Open avishniakov opened this issue 10 months ago • 6 comments

This PR brings the multi-GPU DDP showcase to the PEFT training. There are some routine steps, which can be automated in ZenML core. We will create follow-up tickets for that separately.

This is a companion PR to https://github.com/zenml-io/zenml-projects/pull/99 and it is merged in it, so the diff should be evaluated from the PoV.

Companion PR: https://github.com/zenml-io/zenml/pull/2677

avishniakov avatar Apr 17 '24 14:04 avishniakov

@schustmi @htahir1 you are optional reviewers, just in case you have interest 🙂

avishniakov avatar May 03 '24 14:05 avishniakov

I havnt given this a fair shake but in general what is the better way of doing this vs using subprocess :-D Any ideas?

Not sure, if this answers your question, but I plan to extend the ZenML core to serve automated capabilities for the creation of wrappers + making calls. https://zenml.atlassian.net/jira/software/c/projects/OSSK/boards/13?selectedIssue=OSSK-535 What's, in general, off with subprocessing in your opinion?

avishniakov avatar May 06 '24 10:05 avishniakov

@avishniakov Personally I feel they are quite unstable and unreliable... a better way would to use the internal library and do this in code right?

htahir1 avatar May 06 '24 11:05 htahir1

@avishniakov Personally I feel they are quite unstable and unreliable... a better way would to use the internal library and do this in code right?

In theory, we can hack around the accelerate.command.launch module, but in this module they still will call subprocess.Popen for you, so you cannot get away from subprocessing anyway. I will explore how we can use the module directly.

avishniakov avatar May 06 '24 11:05 avishniakov

I somewhat heavily reworked how the preparation of the functions was done in this project. This is tightly coupled with the changes on the ZenML side.

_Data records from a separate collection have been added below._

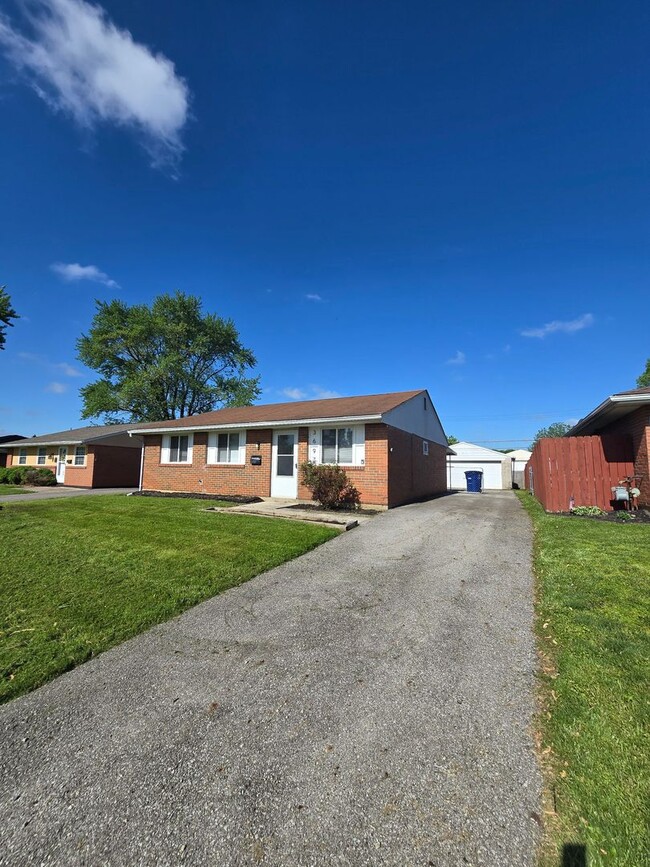 Building Photo - 3 BEDROOM SINGLE FAMILY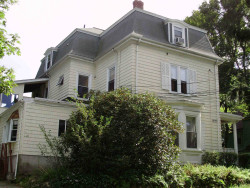 246 Central St, Newton, MA 02466-2329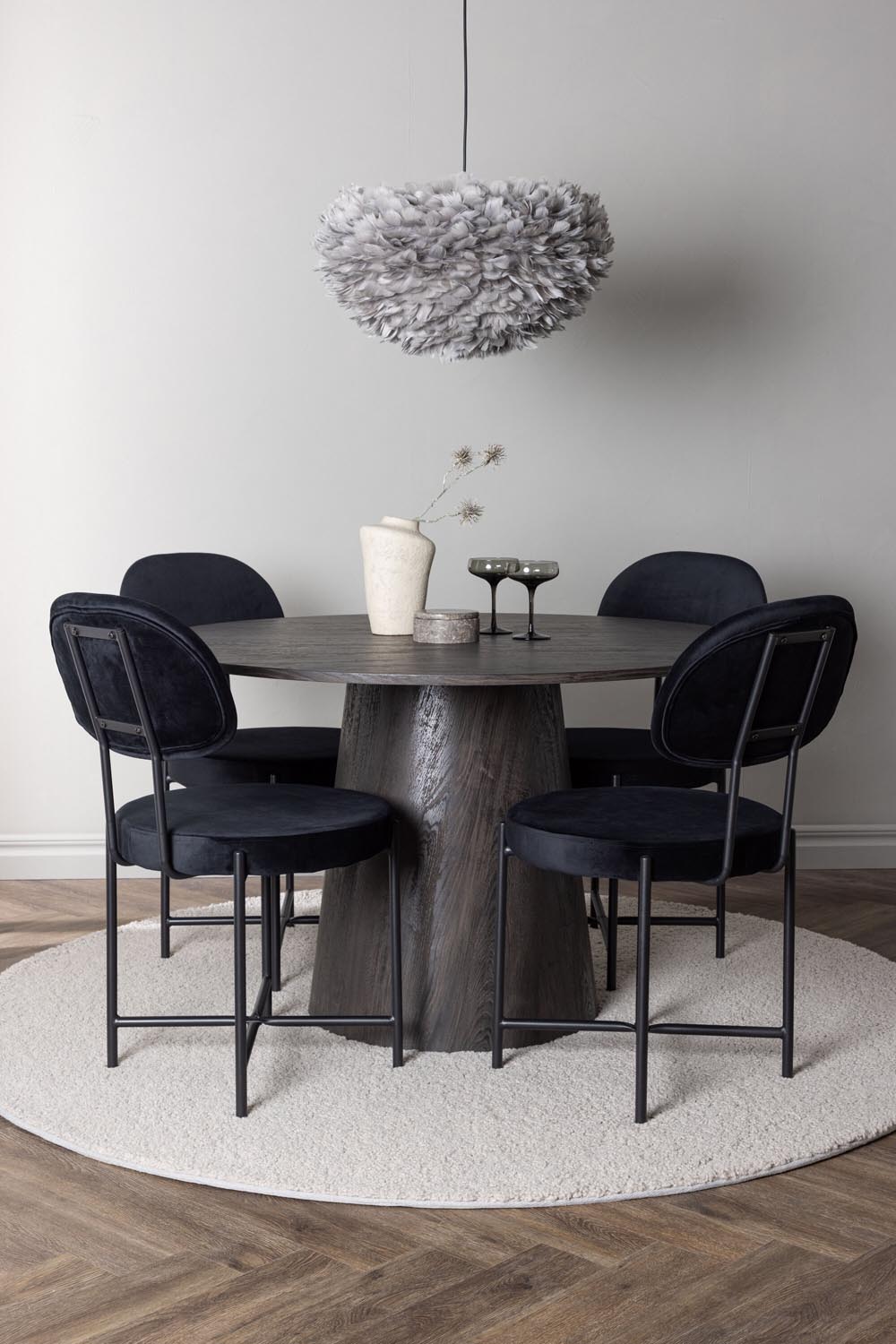 Lanzo Esszimmerset + Stella ⌀120cm/4St. in Braun / Schwarz präsentiert im Onlineshop von KAQTU Design AG. Esszimmerset ist von Venture Home
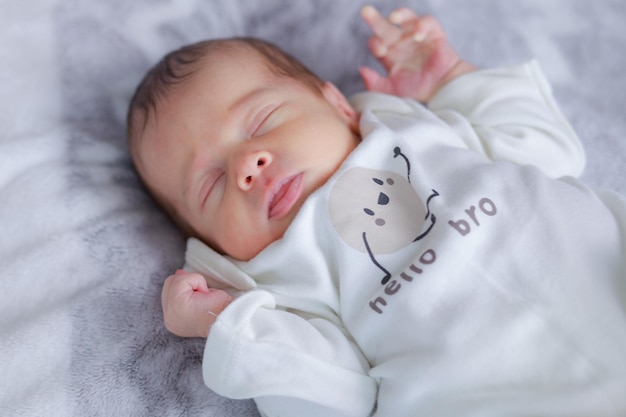 Naissance bébé fille dormir avec la main levée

Looking forward to some conceptual feedback. There are definitely a few weak points:

  • Cache invalidation mechanism due to the use of the external function is far from perfect.
  • The calls are handled via the function from inside the step. It is not straightforward to make the step "script-function" by itself. This is doable but would need more effort and shaking of how we work with steps in the core.

avishniakov avatar May 07 '24 11:05 avishniakov

To be merged after 0.58.3/0.59.0 is released

avishniakov avatar Jun 18 '24 15:06 avishniakov